Description
This French Onion Mac and Cheese recipe combines rich, caramelized onions with creamy Gruyere cheese sauce and cavatappi pasta, topped with a crunchy panko breadcrumb layer. It’s an indulgent twist on classic mac and cheese with deep, savory flavors perfect for a comforting main dish or special occasion.
Ingredients
Scale
Caramelized Onions
- 4 tablespoons unsalted butter - divided
- 4 large yellow onions - peeled and sliced
- 2 tablespoons balsamic vinegar
- 2 teaspoons fresh thyme leaves
- A splash of beef broth or water - only if needed
Mac and Cheese
- 1 pound cavatappi pasta
- ½ cup unsalted butter
- ⅓ cup all-purpose flour
- 4 cups whole milk - plus more as needed
- 16 ounces freshly shredded Gruyere cheese - divided (about 4 cups)
- 1 teaspoon Dijon mustard
- 1 teaspoon garlic powder - or to taste
- Salt and pepper - to taste
Panko Breadcrumb Topping
- ⅓ cup panko breadcrumbs
- 3 tablespoons olive oil
Instructions
- Caramelize onions: In a large deep pan, melt 2 tablespoons of butter over medium heat. Add sliced onions and a pinch of salt. Cook for 15 minutes to start softening. Then reduce heat to medium-low and continue cooking, stirring occasionally, until onions are deep golden and caramelized, about 30 more minutes. If needed, add a splash of broth or water to deglaze. In the last 5 minutes, add remaining 2 tablespoons butter, balsamic vinegar, and thyme leaves. Stir to combine and set aside.
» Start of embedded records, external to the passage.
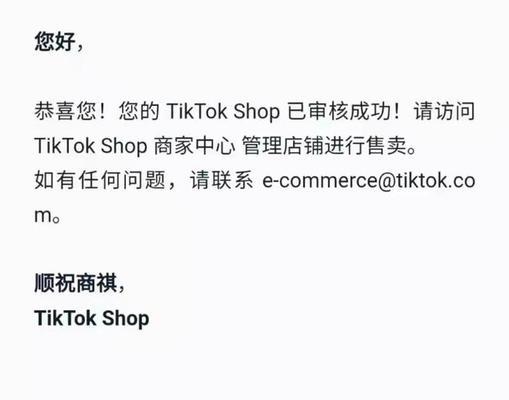 TikTokShop子账号如何绑定（详细步骤+操作技巧）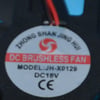 Mora Cooker & Hob Cooling Fan - Image 2
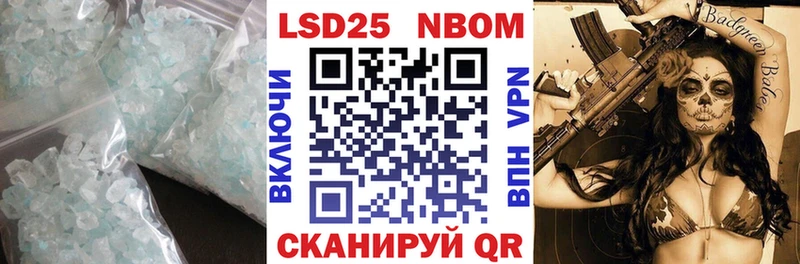 hydra зеркало  Новопавловск  ЛСД экстази кислота 
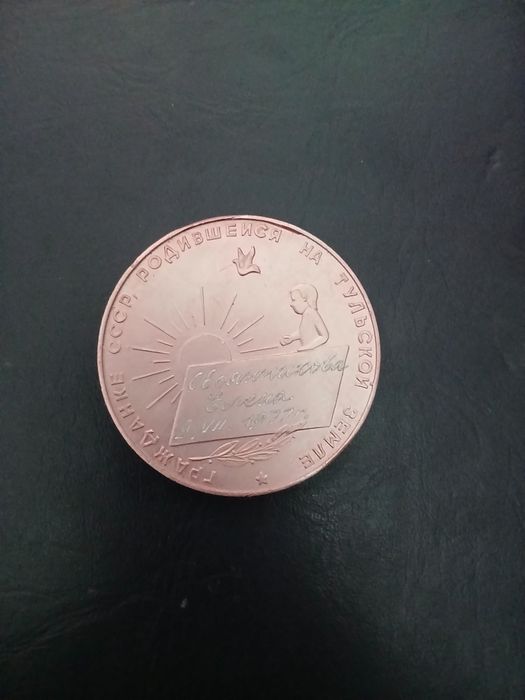 Старинный деньги и монеты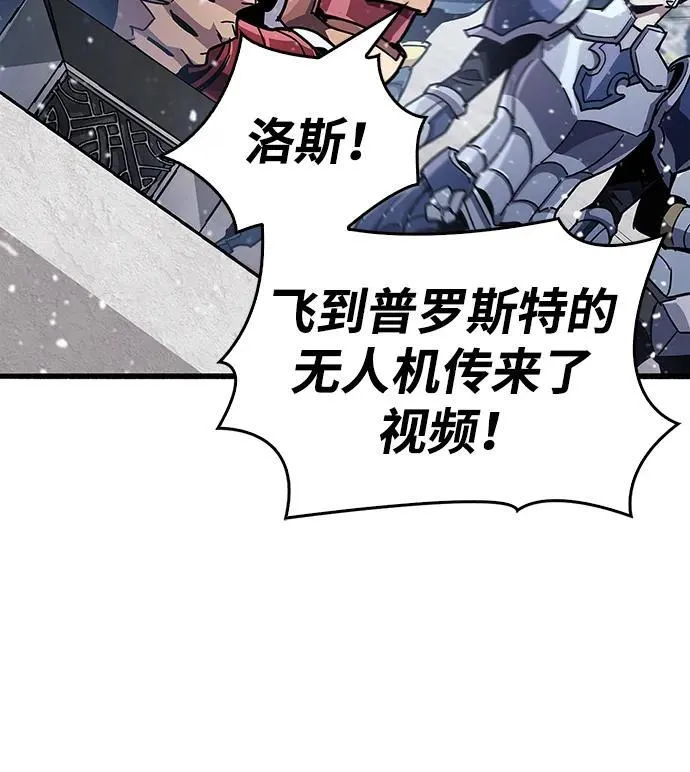 第41话 第78页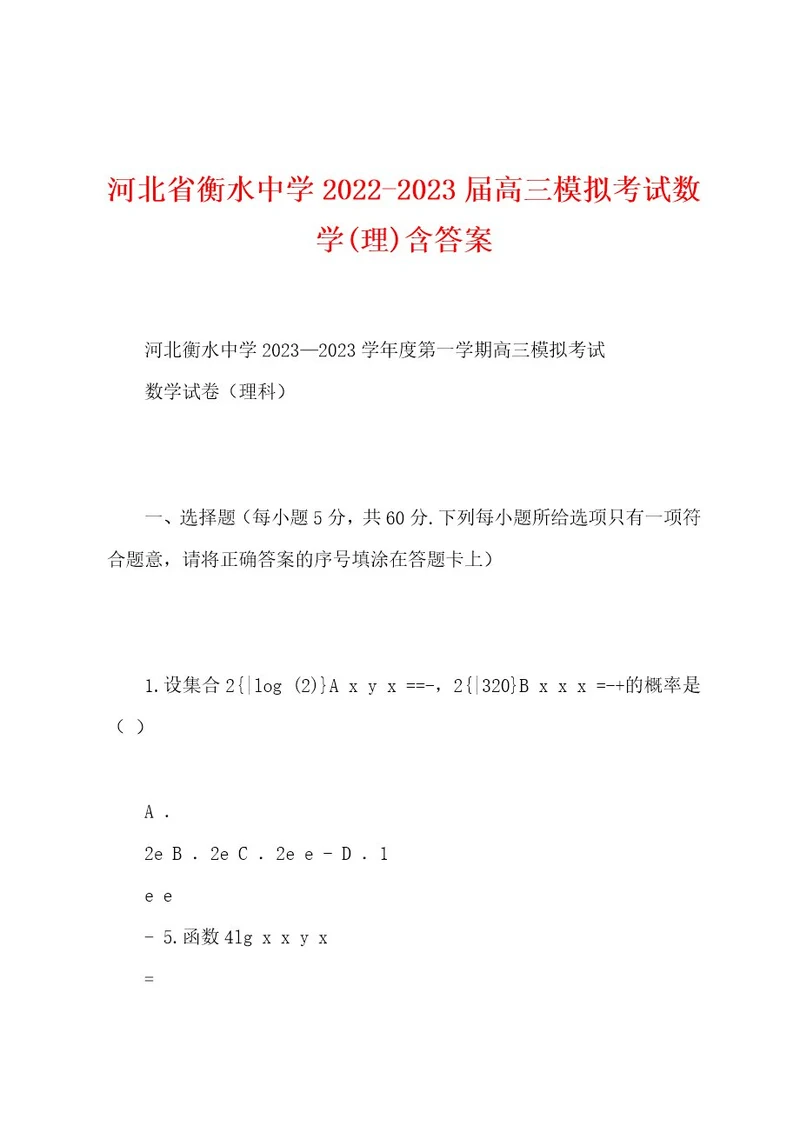 河北省衡水中学20222023届高三模拟考试数学(理)含答案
- Prepare pasta: Preheat oven to 375 degrees F. Cook pasta according to package directions until just al dente. Drain and rinse under cold water to stop cooking. Set aside.
- Make cheese sauce: In a large pot, melt ½ cup butter over medium heat. Whisk in flour and cook for 2-3 minutes to form a roux with a nutty aroma. Gradually whisk in milk, breaking up any lumps, and cook until sauce thickens. Season with Dijon mustard, garlic powder, salt, and pepper. Stir in 3 cups of shredded Gruyere over low heat until melted and smooth.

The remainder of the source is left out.